Exercise description:
Print the entries that appear below, exactly as written and without their pictures.

Free-text object descriptions:
╭──

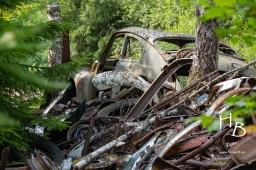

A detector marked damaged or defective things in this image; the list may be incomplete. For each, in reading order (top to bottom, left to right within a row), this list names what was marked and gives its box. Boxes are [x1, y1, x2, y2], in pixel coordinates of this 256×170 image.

corroded car body [69, 26, 256, 102]
rusted abandoned car [69, 26, 256, 104]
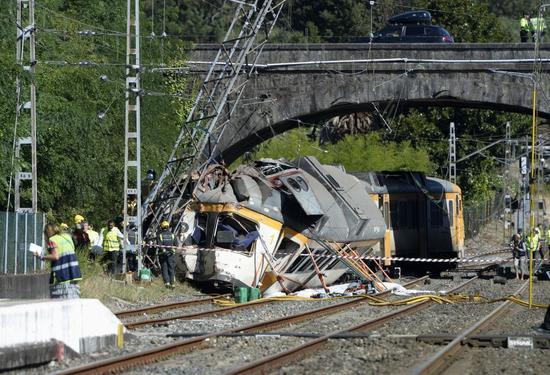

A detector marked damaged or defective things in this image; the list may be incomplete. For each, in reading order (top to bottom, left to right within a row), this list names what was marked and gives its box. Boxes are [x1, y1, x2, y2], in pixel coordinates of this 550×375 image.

broken train window [215, 214, 260, 253]
rusty rail surface [115, 296, 230, 318]
rusty rail surface [55, 274, 426, 374]
rusty rail surface [224, 276, 478, 375]
rusty rail surface [414, 280, 532, 374]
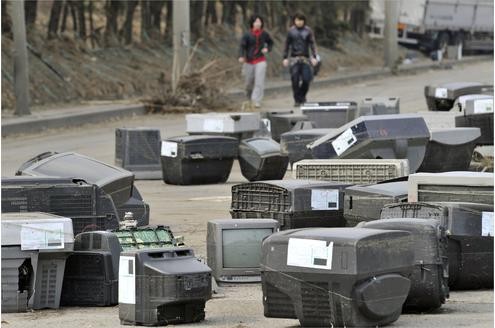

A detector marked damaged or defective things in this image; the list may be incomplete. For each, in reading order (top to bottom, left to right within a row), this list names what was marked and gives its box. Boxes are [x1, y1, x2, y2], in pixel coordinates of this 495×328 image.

torn sticker label [332, 127, 358, 156]
torn sticker label [286, 237, 334, 270]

╰──

Reply to the exercise:
A detector marked damaged or defective things in this image; the list may be incomplete. For each, in reading order (top to bottom, left to right within a row), this list names what was marked and gives its box. Boxes are [x1, y1, x2, y2], in pixel coordinates of this 256×170 image.

corroded car body [69, 26, 256, 102]
rusted abandoned car [69, 26, 256, 104]

A detector marked damaged or defective things in this image; the list may be incomplete. For each, in reading order (top to bottom, left to right within a row), this list names what was marked and gives its box. Boxes are [x1, y1, x2, y2], in pixel coordinates of this 550×375 image.

broken train window [215, 214, 260, 253]
rusty rail surface [115, 296, 230, 318]
rusty rail surface [55, 274, 426, 374]
rusty rail surface [224, 276, 478, 375]
rusty rail surface [414, 280, 532, 374]

A detector marked damaged or defective things in this image; the list may be incomplete. For each, in reading order (top to bottom, left to right within a row), this list names what was marked and gives its box. Boxes are [x1, y1, x2, y2], in pixel coordinates of this 495×328 image.

torn sticker label [332, 127, 358, 156]
torn sticker label [286, 237, 334, 270]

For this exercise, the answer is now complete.